# Fable dragon cliff



## tyler (Aug 7, 2006)

*the dragon cliff is real*


----------



## tyler (Aug 7, 2006)

tyler said:
			
		

> *the dragon cliff is real*


 
i got to the dragon cliff area it was called Filler_DragonCliff_01 and i dont have a modded x-box i got there from another thread from a diff siteee


----------



## McMurphy (Aug 7, 2006)

I am not familiar with the game, Fable.

Care to explain how you got to the Dragon Cliff?  It sounds as if it is "the secret" of the game, yes?


----------



## kyektulu (Aug 8, 2006)

*Is this the name of a new RPG game...?* 

*Please tell...*


----------



## Marya (Aug 8, 2006)

It's an RPG made by Peter Molyneux.  It came out in 2004.  I've not played it but heard a little about it (but not about the Dragon Cliff).

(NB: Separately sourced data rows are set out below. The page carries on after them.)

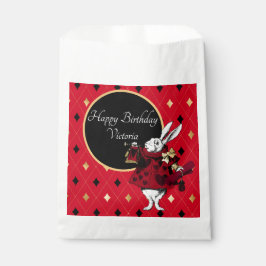 Bolsa De Papel Rabbit blanco en cumpleaños rojo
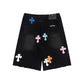 CHROME HEARTS MULTICOLOR CROSS PATCH JORTS BLACK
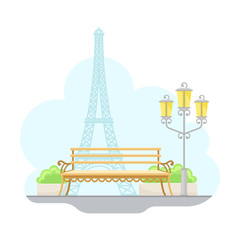 Paris Street View with Eiffel Tower and Bench Vector Illustration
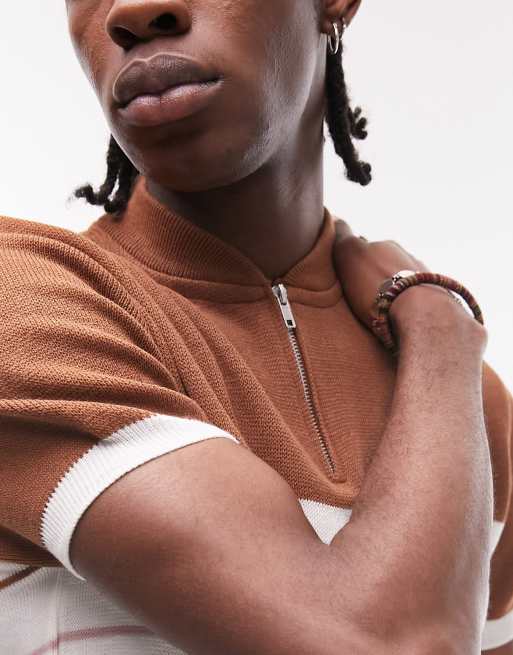 Topman - Polo en maille à col style base-ball - Fauve, 3 de 4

http://www.xbox.com/en-US/games/f/fable/default.htm

I've also seen it for PC as well.


----------



## tyler (Aug 9, 2006)

McMurphy said:
			
		

> I am not familiar with the game, Fable.
> 
> Care to explain how you got to the Dragon Cliff? It sounds as if it is "the secret" of the game, yes?


i used the shovel glitch from hook coast cullis gate to get to Filler_HookCoast_01 and from there i crouch walked to the edge of the level put mi back against it and dug throught to "dragon cliff" (the dragon cliff i came across was not like the 1s where u see the guy on an island he was in the middle of kno where and was off the map but this proves it was gunna be in the game)  

did ne 1 else kno abot the gallow tree its out side the guild at lookout point it has red writing on it lanterns hangin from it and its on top of some rocks but the rocks have the life drain spell on them and i think its another wat to get into dragon cliff or some other secret area

dosnt the pics of the dragon cliff look like archons folly?
to ne 1


----------



## McMurphy (Aug 10, 2006)

Hey Tyler.  I was not able to pm you at this time due to pm constraints of new members.  If you have any questions as to why I merged your last three posts into a single one, feel free to email me at the following email address:

mspacmanlovers@hotmail.com



Back to the topic at hand....what is the purpose or significance of the rumored existence of the Dragon Cliffs?


----------



## tyler (Aug 10, 2006)

u fight a dragon there i think the dragons name is fresco


----------



## Brian G Turner (Aug 10, 2006)

Can we try and have English please, not txt spk, thanks tyler.


----------



## tyler (Aug 12, 2006)

sorry im  new to threads

what is your favorite weapon and armor in fable

the dragon fresco is more likley jack of blades in his secon form that might explain why the dragon cliff looks like archons folly


----------



## McMurphy (Aug 13, 2006)

Hello, Tyler.

I just wanted to let you know that I merged your posts again. Please keep in mind that you should be avoiding triple posting without other members having a chance to add to the conversation. 

I know, at times, a person wishes to add an additional thought that they may have overlooked when originally posting. I recommend taking advantage of the "edit" feature that is available to posters a short time after they have published a post.

Let me know if you have any questions.


----------